The lessons I am about to give you didn’t come from a young man who thinks he knows how to lead, but they are lessons given from an old man who experienced life and understood many of the situations a leader would face. These lessons are not coming from an inexperienced leader; instead, they are coming from an old leader who is arguably one of the greatest leaders of all time. These lessons are coming from King David who, from a young man, learned many invaluable lessons on leadership, and as he was handing over the throne to Solomon, he gave his final leadership lessons to the young king so that he could continue to lead Israel in the proper direction. Let me show you the leadership lessons David taught.

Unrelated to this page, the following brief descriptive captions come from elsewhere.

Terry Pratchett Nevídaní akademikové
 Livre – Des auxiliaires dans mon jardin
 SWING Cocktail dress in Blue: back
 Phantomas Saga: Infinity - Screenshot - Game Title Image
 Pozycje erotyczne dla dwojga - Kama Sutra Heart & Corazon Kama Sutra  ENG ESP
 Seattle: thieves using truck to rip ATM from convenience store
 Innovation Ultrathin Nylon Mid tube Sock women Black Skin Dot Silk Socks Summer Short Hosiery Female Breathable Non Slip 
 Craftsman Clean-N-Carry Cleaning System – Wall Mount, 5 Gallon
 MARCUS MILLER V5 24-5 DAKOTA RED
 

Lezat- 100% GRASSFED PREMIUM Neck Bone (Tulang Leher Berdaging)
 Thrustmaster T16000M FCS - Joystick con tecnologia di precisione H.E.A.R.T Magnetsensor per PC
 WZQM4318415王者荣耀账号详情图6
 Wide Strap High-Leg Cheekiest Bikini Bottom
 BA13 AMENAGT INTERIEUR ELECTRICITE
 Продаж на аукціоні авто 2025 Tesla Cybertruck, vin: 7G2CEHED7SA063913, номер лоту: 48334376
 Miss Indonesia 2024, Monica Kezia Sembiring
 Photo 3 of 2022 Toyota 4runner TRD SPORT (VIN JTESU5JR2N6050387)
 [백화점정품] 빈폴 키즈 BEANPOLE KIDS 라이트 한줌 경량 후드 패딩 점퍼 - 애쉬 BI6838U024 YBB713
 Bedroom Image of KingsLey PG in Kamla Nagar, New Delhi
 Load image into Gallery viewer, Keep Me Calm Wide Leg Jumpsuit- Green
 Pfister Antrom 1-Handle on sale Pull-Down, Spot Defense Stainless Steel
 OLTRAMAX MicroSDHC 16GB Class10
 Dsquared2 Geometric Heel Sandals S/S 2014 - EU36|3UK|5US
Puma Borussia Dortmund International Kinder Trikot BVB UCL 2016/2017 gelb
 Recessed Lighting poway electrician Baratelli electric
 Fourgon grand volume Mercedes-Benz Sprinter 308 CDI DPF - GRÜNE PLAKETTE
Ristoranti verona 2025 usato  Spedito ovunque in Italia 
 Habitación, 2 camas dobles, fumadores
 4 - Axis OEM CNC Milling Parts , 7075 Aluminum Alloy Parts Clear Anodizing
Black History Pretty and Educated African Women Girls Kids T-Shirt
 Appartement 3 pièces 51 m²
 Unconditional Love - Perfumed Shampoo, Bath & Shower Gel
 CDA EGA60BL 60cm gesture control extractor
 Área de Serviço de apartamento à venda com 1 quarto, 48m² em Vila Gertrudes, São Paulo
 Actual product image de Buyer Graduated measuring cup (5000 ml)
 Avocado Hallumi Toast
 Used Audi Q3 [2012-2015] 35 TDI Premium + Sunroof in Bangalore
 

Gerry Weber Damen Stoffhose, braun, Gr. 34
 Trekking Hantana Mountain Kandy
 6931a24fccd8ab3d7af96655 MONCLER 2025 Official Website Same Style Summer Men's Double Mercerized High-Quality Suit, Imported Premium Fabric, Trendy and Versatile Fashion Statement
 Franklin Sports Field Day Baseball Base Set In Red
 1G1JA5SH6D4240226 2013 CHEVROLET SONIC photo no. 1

First, a leader must rule. David Said, “He that ruleth over men…” To rule means to make decisions, set regulations, have requirements, and give direction. A leader cannot be passive in what they do. Whether you lead a home, your children, a church, or a business, leaders must make black and white decisions so that those who follow have a clear direction of what is expected. Leaders cannot be indecisive; rather, they must make scriptural decisions that will be hard and sometimes unpopular, but that is what makes them a leader.
Second, a leader must be just. To be “just” means that what you do for one, you must do for all. Poor leaders base decisions on feelings and how it benefits those they like, but a just and great leader bases decisions on past decisions, and on rules and regulations.
Third, a leader must lead in righteousness. David said that a leader rules “in the fear of God.” Righteousness is a result of fearing God. Leaders cannot have separate rules for themselves and followers; instead, a ruler must live by the same rules by which they expect their followers to obey. You cannot be a good leader and break the rules that you expect others to follow.
Fourth, a leader must lead by accountability. Ruling in the “fear of God” is not just living a righteous life, but it is realizing that you must answer to God for every decision you make and every action you perform. The leader who fears God bases every decision on what God wants them to do and not on how it benefits them or their family. If you are a leader, you will answer to God for every decision you made and how you directed those who followed you.
Fifth, a leader must be able to refresh those whom they lead. David said that the ruler “shall be as the light of the morning.” In other words, part of the responsibility of leading is to reinvigorate and energize those who you lead. Leadership cannot be up and down emotionally; rather, great leadership is on topside all the time. Followers don’t need an emotional leader who they don’t know what mood they will be in each day, but they need a leader who refreshes them because they are always on topside.
Sixth, a leader must be able to give vision and hope. David talked about the leader being as the “light of the morning” and as the “tender grass springing out of the earth.” The godly leader always gives hope to those who have no hope by giving them a vision to see what they cannot see for their life. Your followers will love you if you give them hope that God can do something through them.